[Supplied entries]
►

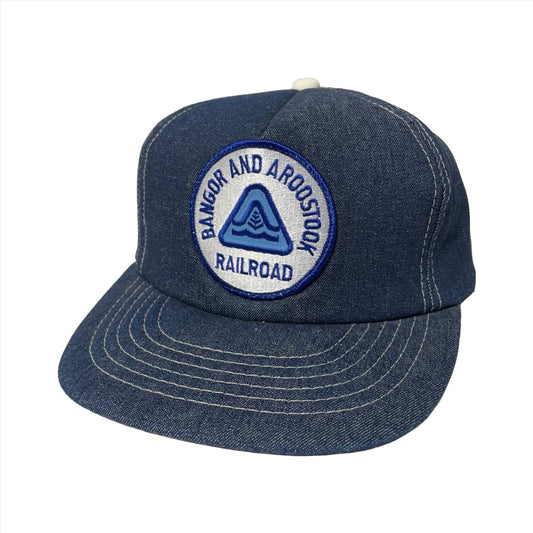 Vintage Bangor and Aroostook Railroad Patch Denim Snapback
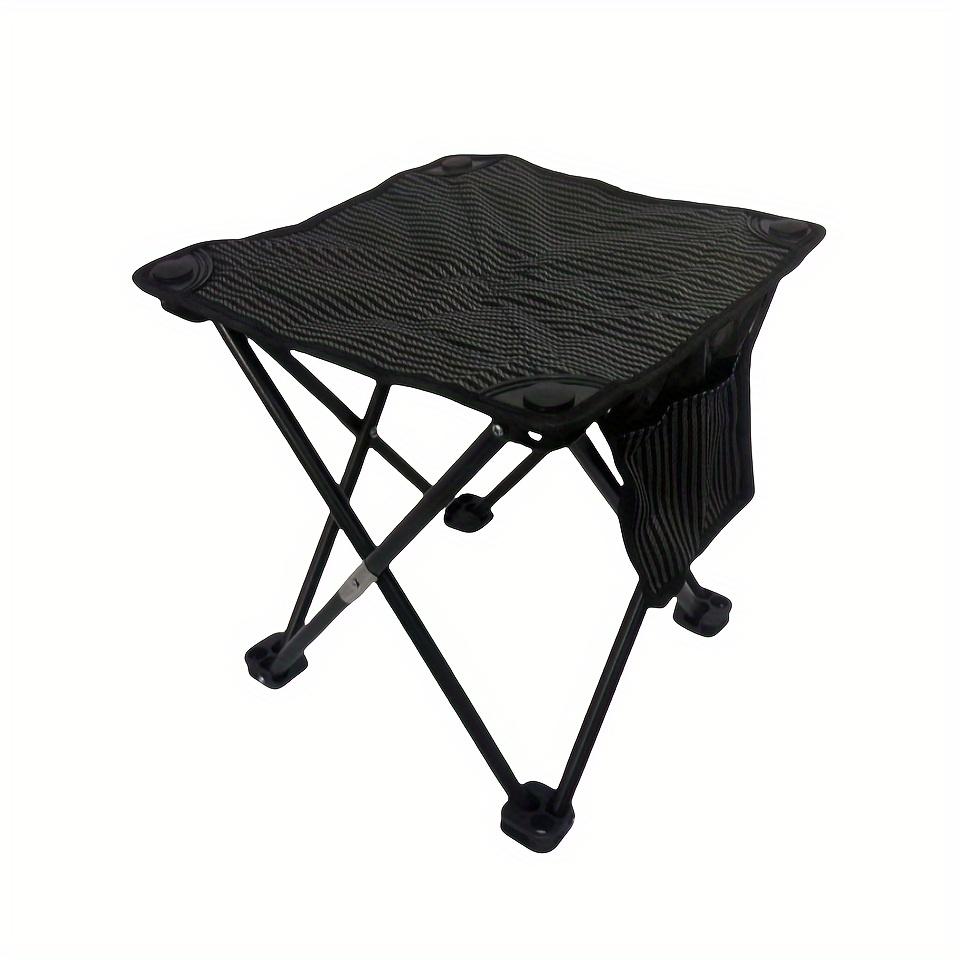 1Pc Outdoor Camping Folding Stool, Portable Folding Chair With Storage Bag And Side Pocket, Metal Frame, Quick Setup, Lightweight Design, Suitable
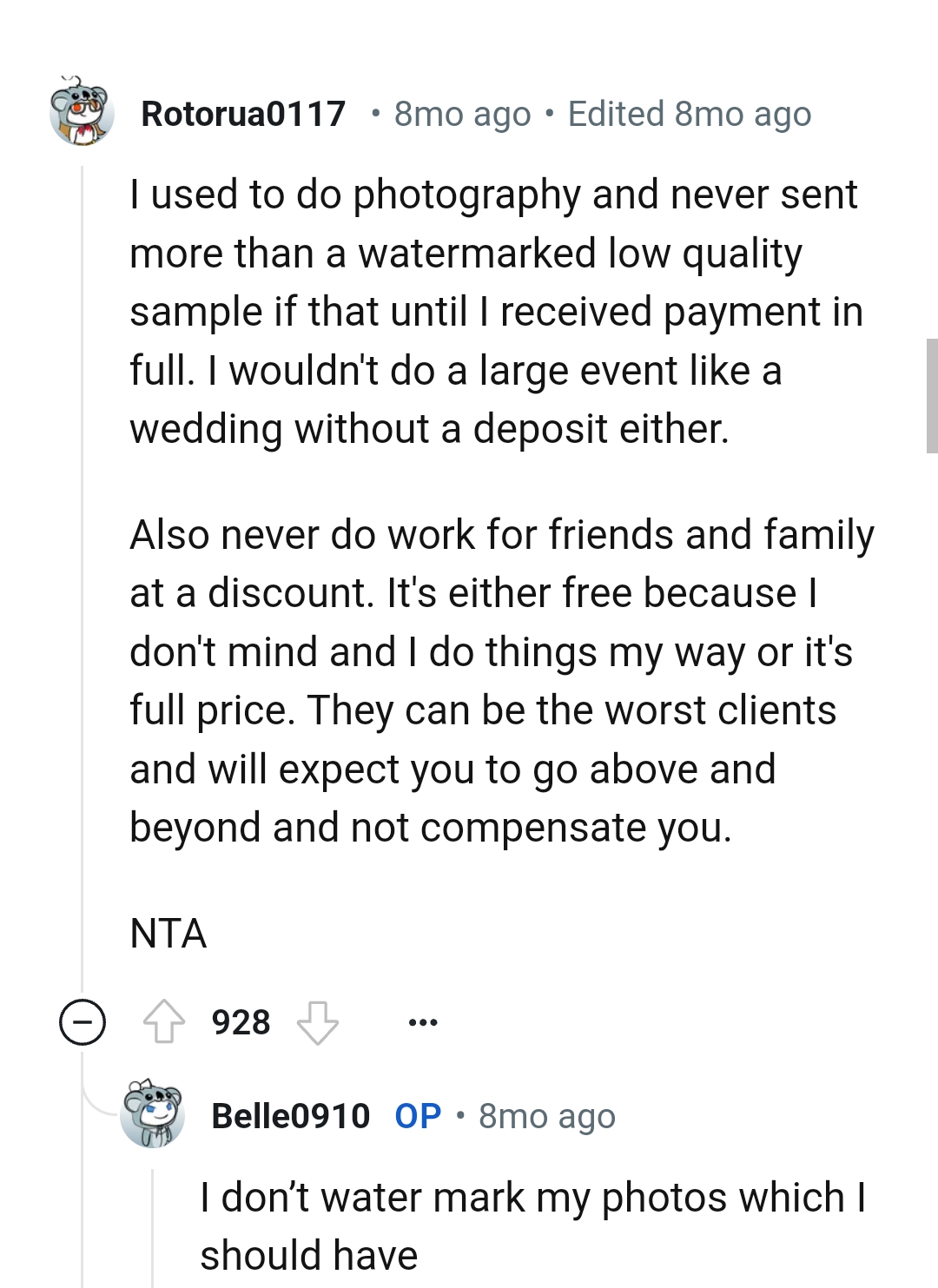 This Redditor doesn't send more than a watermarked low-quality sample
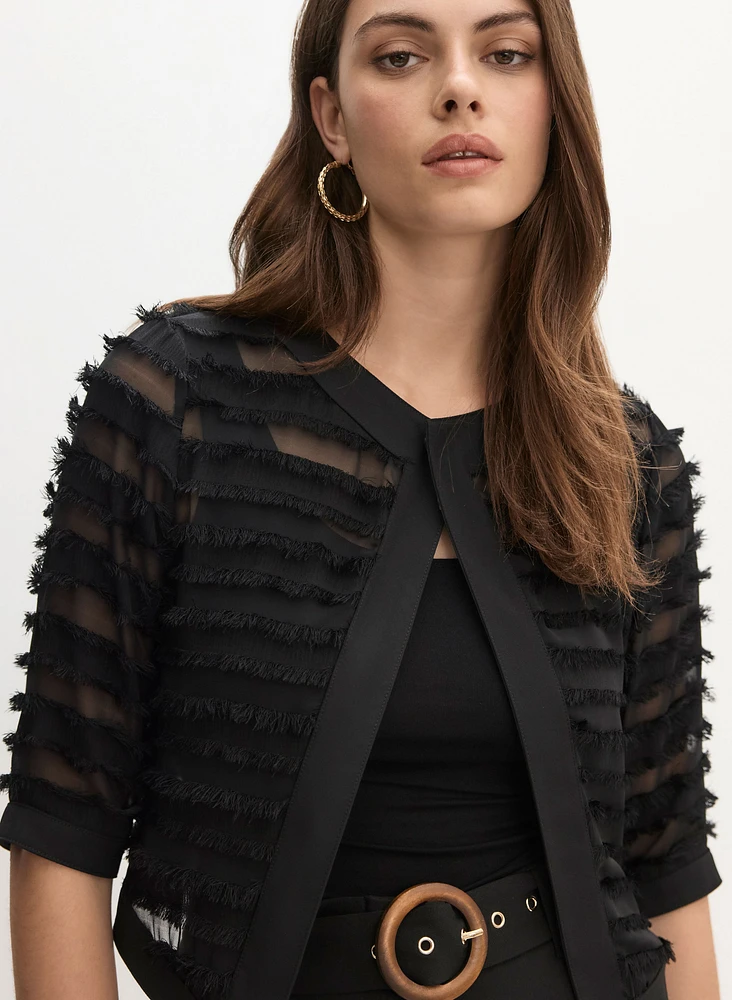 Joseph Ribkoff - Sheer Eyelash Fringe Jacket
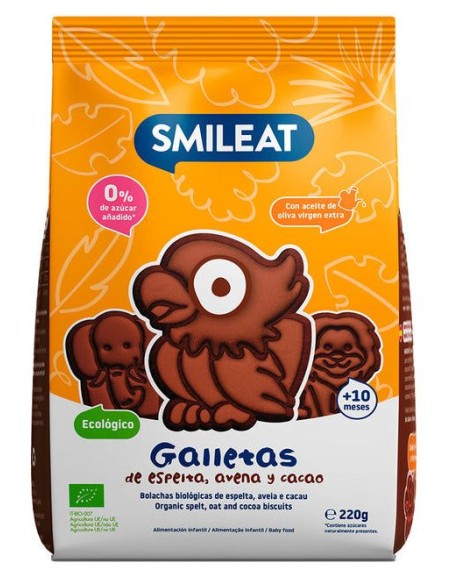 Biscoitos de Aveia, Espelta e Cacau Bio Infantil 220g Smileat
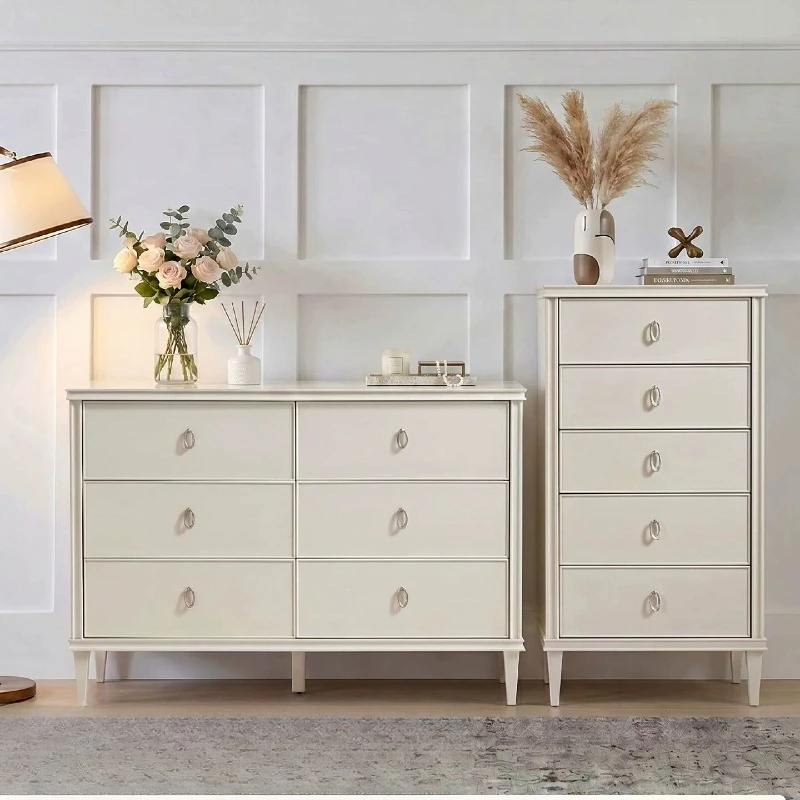 CX light luxury five-bucket solid wood chest French cream wind storage storage drawer cabinet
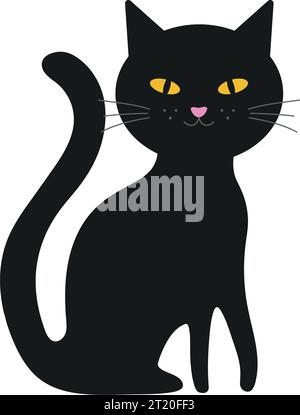 Black cat vector illustration. Cute spooky halloween witch cat sitting icon. Stock Vector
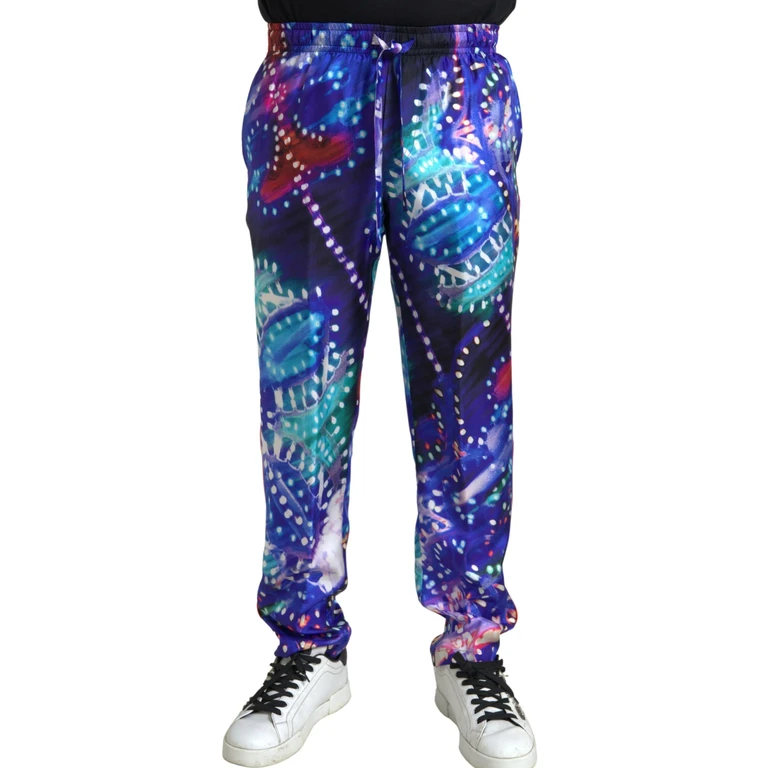 Dolce & Gabbana Multicolor Printed Silk Men Trouser Pants - Men
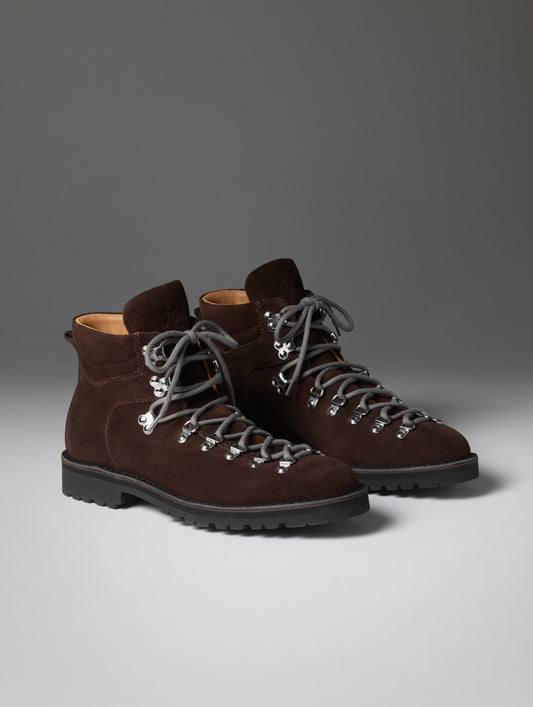 Front angled view of the men's Dolomite Boot in Espresso Brown with gray laces from AETHER Apparel. 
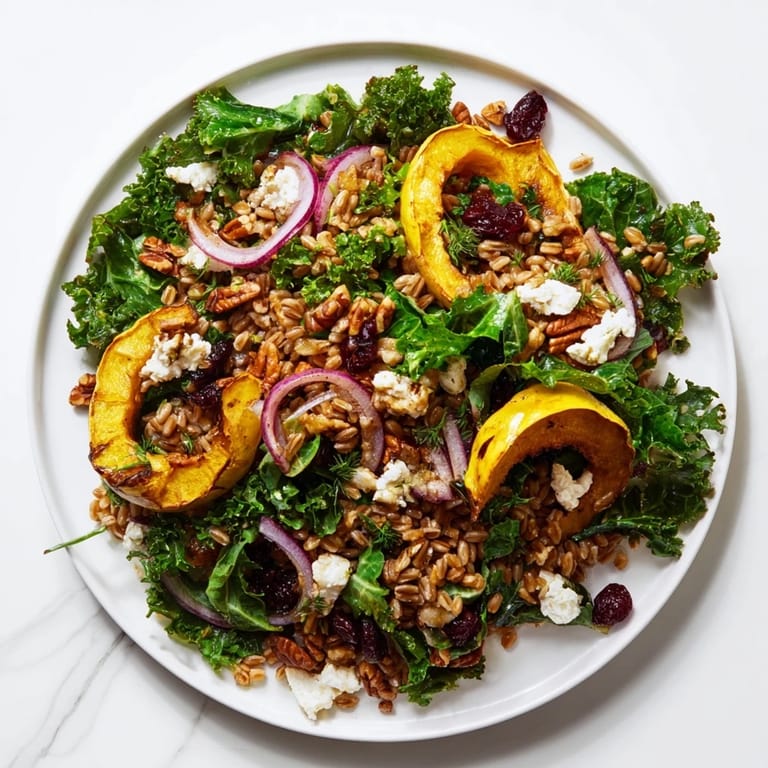 This hearty Farro & Mustard Green Salad has tender farro, sweet roasted squash, and a flavorful dressing.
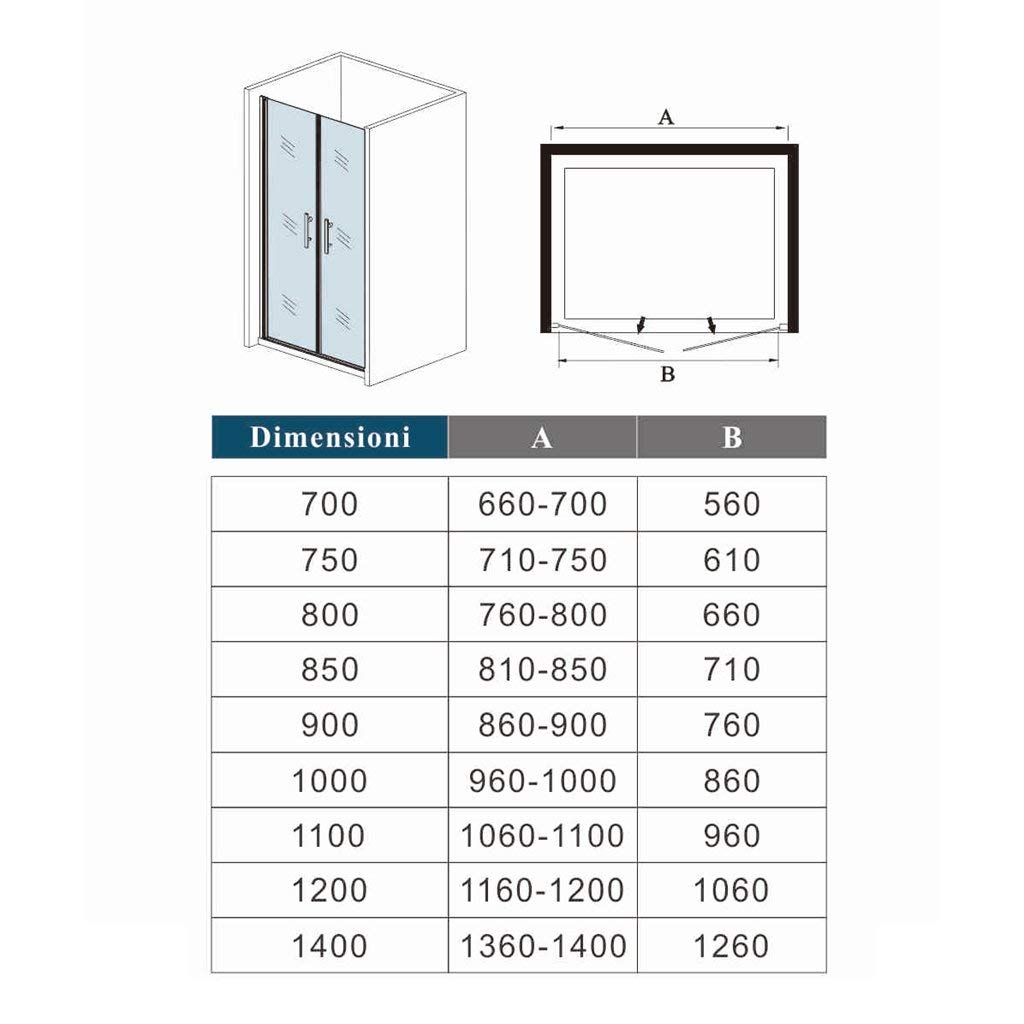 Box Doccia Per Nicchia 90x185cm Doppie Porte Battenti Saloon in Vetro 6mm Temperato Trasparente Anticalcare Profilo Cromato Lucido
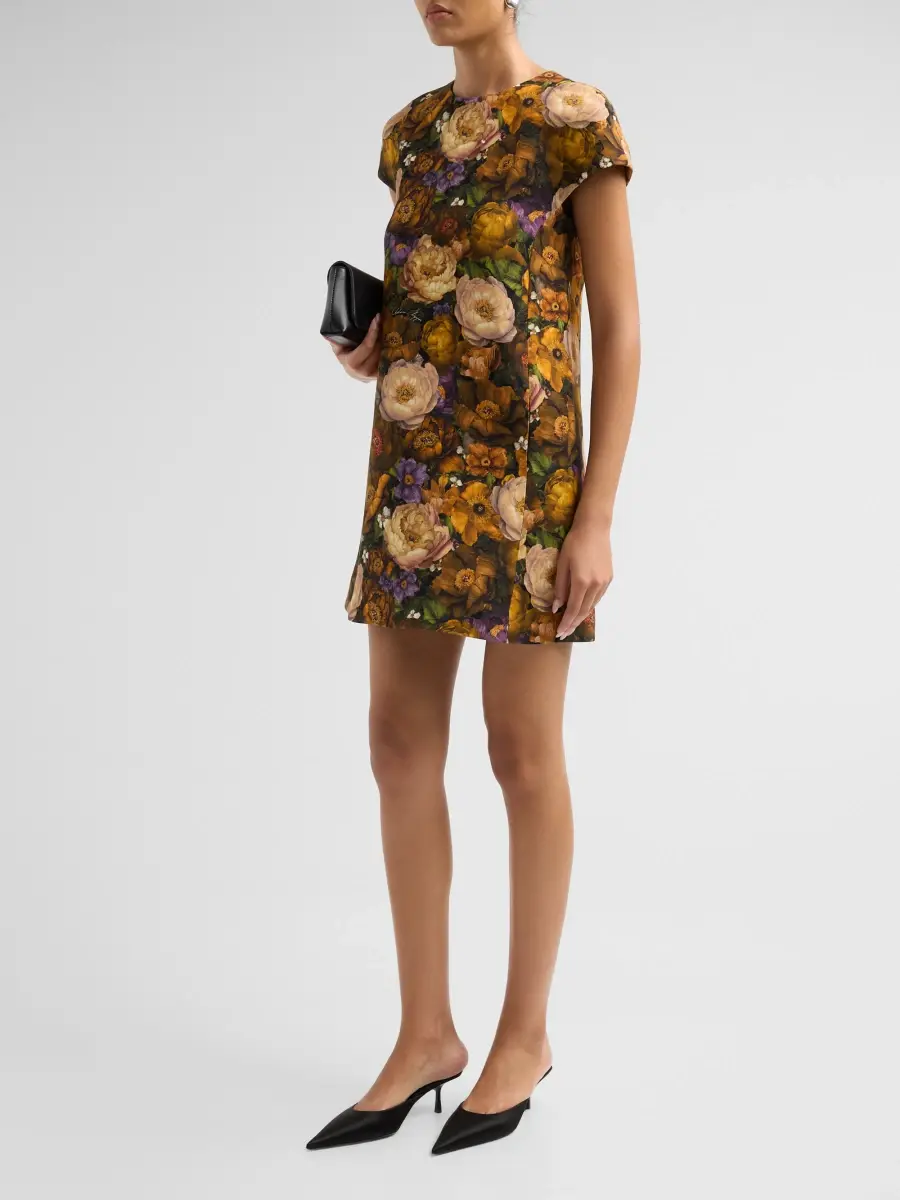Adam Lippes Women's Agata Floral Wool & Silk Mini Dress | Thumbnail 4 Adam Lippes Women's Agata Floral Wool & Silk Mini Dress | Thumbnail 4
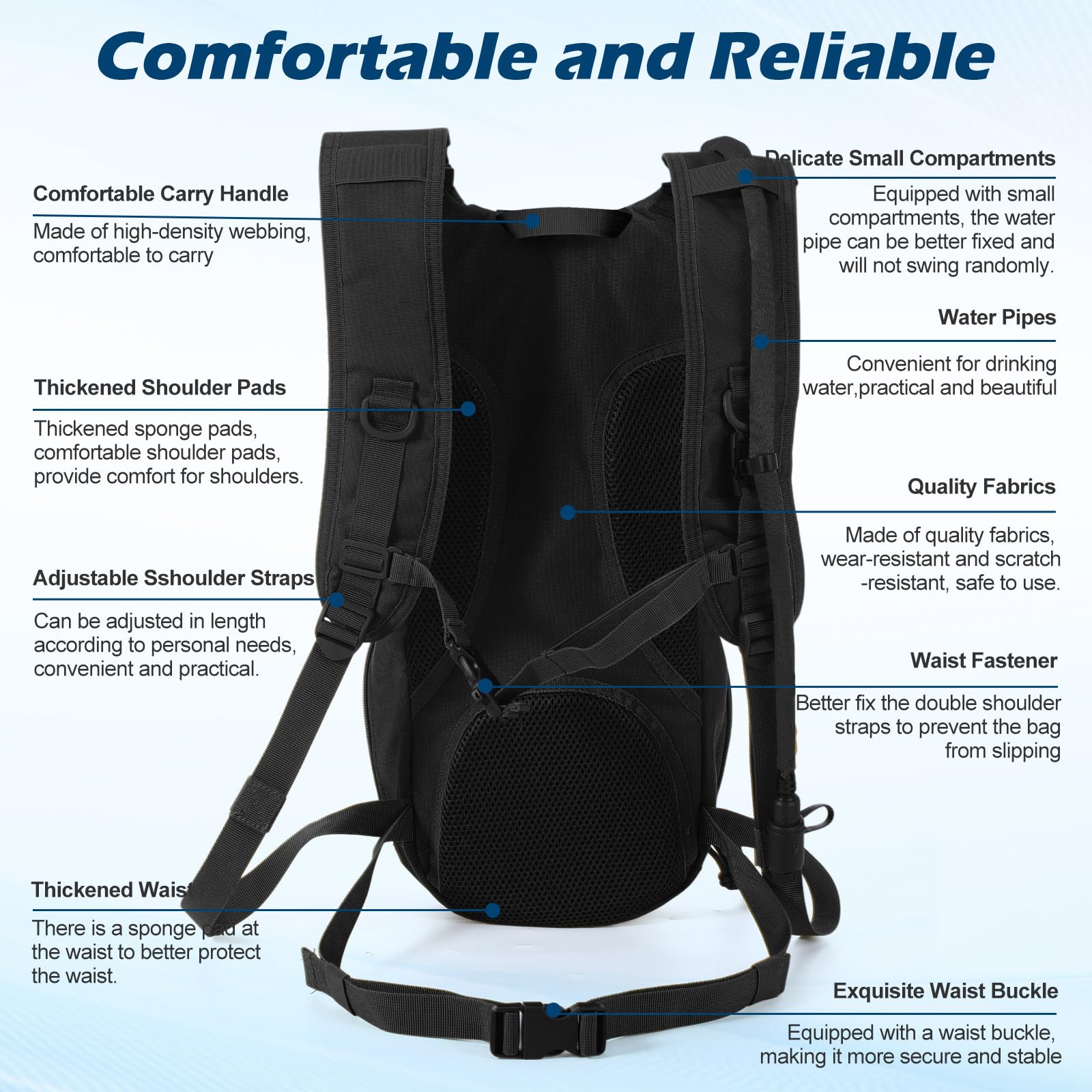 Liliful 1 pz zaino tattico di idratazione con 3l TPU vescica d'acqua tattico Molle zaino di idratazione per uomo donna escursionismo ciclismo corsa arrampicata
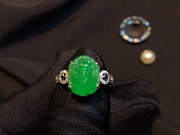 天然A货翡翠戒指高冰种正阳绿貔貅戒指女老坑满绿绿貔翡翠戒指女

◄

[Required action]
Within the listing above, the lines starting at the one containing "Black cat vector" and ending at the one containing "Front angled view" are to be returned exactly. Omit the pictures.

[Exercise solution]
 Black cat vector illustration. Cute spooky halloween witch cat sitting icon. Stock Vector
 Dolce & Gabbana Multicolor Printed Silk Men Trouser Pants - Men
 Front angled view of the men's Dolomite Boot in Espresso Brown with gray laces from AETHER Apparel. 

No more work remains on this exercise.